Segro maintains 2012 full year dividend at 14.8p

DividendMax Ltd.

Segro maintains 2012 full year dividend at 14.8p

HIGHLIGHTS

Strong operational performance

·  Headline net rental income lower due to impact of disposals; like for like net rental income up 1.9%

·  Group vacancy rate further improved at 8.2% (31 December 2011: 9.1%). On a pro forma basis, Neckermann's departure in January 2013 would have added 1.1% to the Group vacancy rate. Core portfolio vacancy rate 7.6% (31 December 2011: 8.2%)

·  Total cost ratio improved further to 22.9% (2011: 24.5%) through our focus on tight cost control and a reduction in vacancy

·  21 developments completed, generating £16.4m of annualised new rental income when fully let (already 89% leased at year end). 14 developments currently in progress, expected to generate £10.8m of annualised new rental income, of which 70% is pre-leased 

Advancing our strategy to become a leading income-focused REIT

·  £700m of non-core asset disposals (including £152m received in 2013), at a 3.6% average discount to December 2011 book values and an average exit yield of 7.2%.

·  £207m reinvested in acquisitions, mainly comprising two prime logistics portfolios in the UK and in France, enabling us to build critical mass and strengthen our position in both markets. Average entry yield of 7.7%

·  £218m either reinvested in development projects completed during 2012 or committed for projects in our active development pipeline. Estimated yield on total development cost of 9.6%

EPRA NAV lower due to portfolio valuation reductions

·  Overall portfolio valuation reduction of £309m/6.2% on a like for like basis for the year due to the performance of our large non-strategic assets (£144m), remaining smaller non-core holdings (£44m) and South East UK suburban offices (£79m)
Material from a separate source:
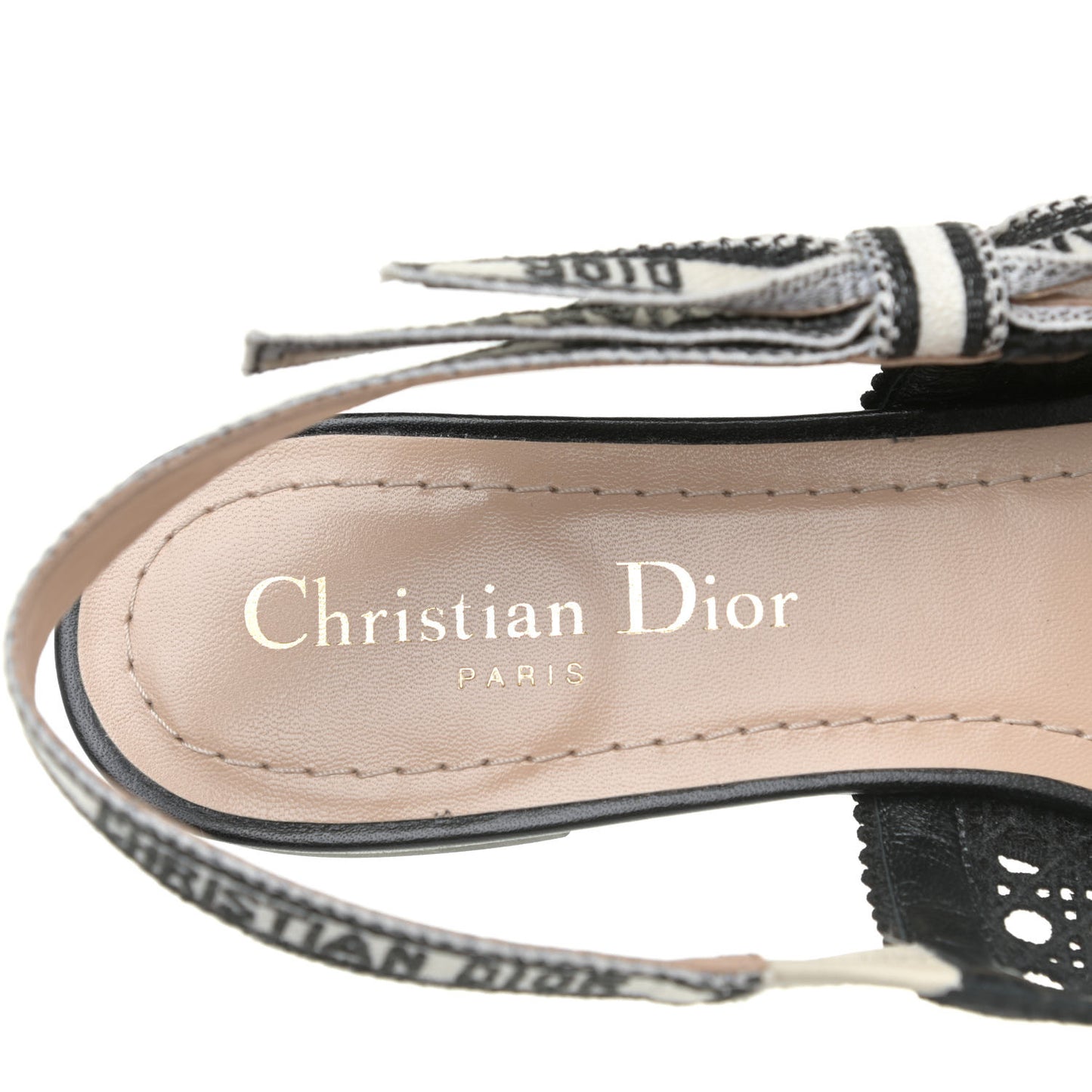 Cotton Lambskin Mesh Cannage Dior & Moi Slingback Ballet Flats 35 Black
·  Core warehouse, light industrial and data centre portfolio like for like valuation reduction of 1.2%, compared with an 3.8% reduction in the IPD UK Industrial Quarterly Index

  

Solid balance sheet

·  £213m reduction in net debt to £2,090.3m; "look through" LTV ratio of 51% (or 50% on a pro forma basis, factoring in £152m of disposals completed in Jan/Feb 2013), with the impact of disposal proceeds being offset by the portfolio valuation reduction and reinvestments

·  Favourable debt profile with approximately £450m of undrawn facilities and cash; a weighted average maturity of borrowings of 8.3 years

·  Net debt/EBITDA 8.1 times (2011: 8.7 times); interest cover of 2.3 times (2011: 2.2 times); weighted average cost of debt 4.6% (31 December 2011: 4.8%)

Commenting on the results and outlook, David Sleath, Chief Executive, said:

"We are pleased with the progress made by the business over the past year. Our strong operational performance in 2012 has driven good earnings growth. Through disposals, selective acquisitions and development, we have taken substantial steps forward with our strategy to build a high quality portfolio of modern, well-located warehouses, light industrial and data centre assets. We are targeting a further £300 million to £500 million of disposals in 2013 (including £152 million, predominantly relating to Thales and MPM, which completed shortly after the year end).

Our portfolio is well-positioned to perform in 2013 both operationally and from an investment perspective. We are seeing a good level of occupier demand in our core markets and we expect to continue to benefit from the growth in e-retailing, local distribution and electronic data storage requirements. With well-located existing assets, an excellent land bank and a general shortage of modern 'grade A' buildings in most of our markets, we are well placed to capitalise on such growth drivers.

We have a clear set of priorities and expect to make further progress against these over the coming year and beyond to create a leading income-focused REIT which produces a high quality and progressive dividend and resilient capital growth."